In high school study halls, I’d read the New York tabloids, having bought them before school. I was in the Explorers, a high school internship-type program that met at the Utica Observer-Dispatch daily newspaper. Because I played on the football team, I wrote sports for my high school paper.
I debated whether to go to college for an English department Writing program at Southampton College or Mass Media at Plattsburg. I chose the former while writing for my college paper, taking any journalism class I could find, and, to pay my bills, delivering The New York Times. Yes, I would read that, too, daily while delivering it. Then I went on to be a reporter and editor for mostly community newspapers, with some freelance placements at larger papers. Won some awards. Then got into teaching and advising the craft to community college students. Soon, I realized I actually could sell ads, as the campus paper I advised didn’t have a students who could handle that end. Writing, publishing, ad sales. My skill set was complete.

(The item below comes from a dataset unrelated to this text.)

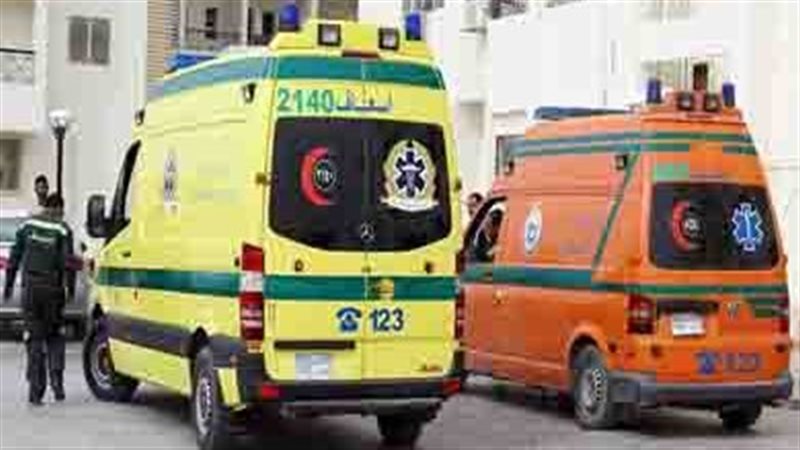 حادث، فيتو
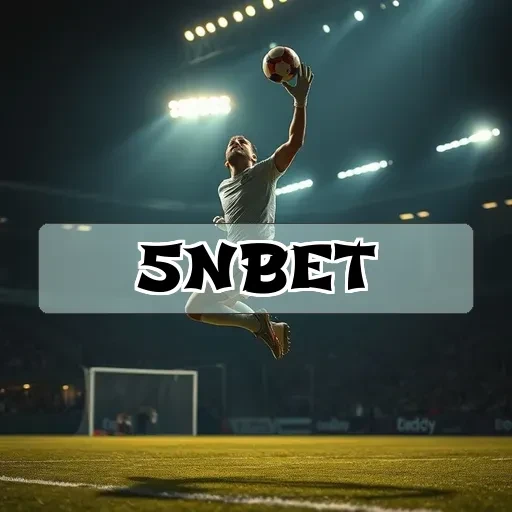 5nbet.com Downloads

While I have degrees in English and am well-versed in literature, MY literature is newspapers, especially print newspapers. So I’m not about to give up on that even though every talking head says that’s what I should do.
Every town I visit — large and small — I pick up all the hometown newspapers and read them beginning to end. Even though I don’t live in those places and have no pragmatic reason to know about the people who live there, I do have a hard-to-describe need to know about the cop who made a water rescue, the sick kid who got an organ donation just in time, the super market clerk who hit the lottery (these winners always say they are keeping their day jobs – sure!). It’s as if, by seeing these stories in print — even though I am anonymous to the writers of and the people in the stories — I am giving them and their work value. They all are important.
Any community that has a newspaper can’t be bad — or else no one would read that paper. Why read about a place you could not care less about? A newspaper ultimately is about expressing the value of a community. By reading that paper, we celebrate that success and belief in the value of mostly ordinary people.
So, here I am bringing you a community paper focused on community colleges, which have a high, often unrealized, value in educating and training the people in our communities. It’s where journalism programs are largely at risk, along with their newspapers. And, as an educator, the community college population is one I know a lot about. I enjoy these students more than the ones I used to teach at a fancy four-year school. They are diamonds in the rough, often, and have so much potential ahead of them. They are students I can work with, build confidence in, have a laugh – and hearty debates – with.
Community College Campus News will be distributed at New York’s downstate two-year campuses. It won’t compete with existing campus newspapers — we journalists all need each other to survive. We’ll distribute most of our papers to campuses that are not served or underserved by a regularly published campus paper. And if you work for the latter, contact us – we’ll give you the contact info of our advertisers. Perhaps they will advertise with you, too, helping you increase the size of your publication.
Also, our stories will be different. CCCN will aim to bring general interest stories to community college students in a larger region than any one campus paper can do.
So pick up CCCN news the first of each month, along with your campus paper (if you have one). Get involved.
By reading your campus newspaper (and maybe by submitting stories to us), you’re showing you really do care about this community. That the stories and people in here do matter.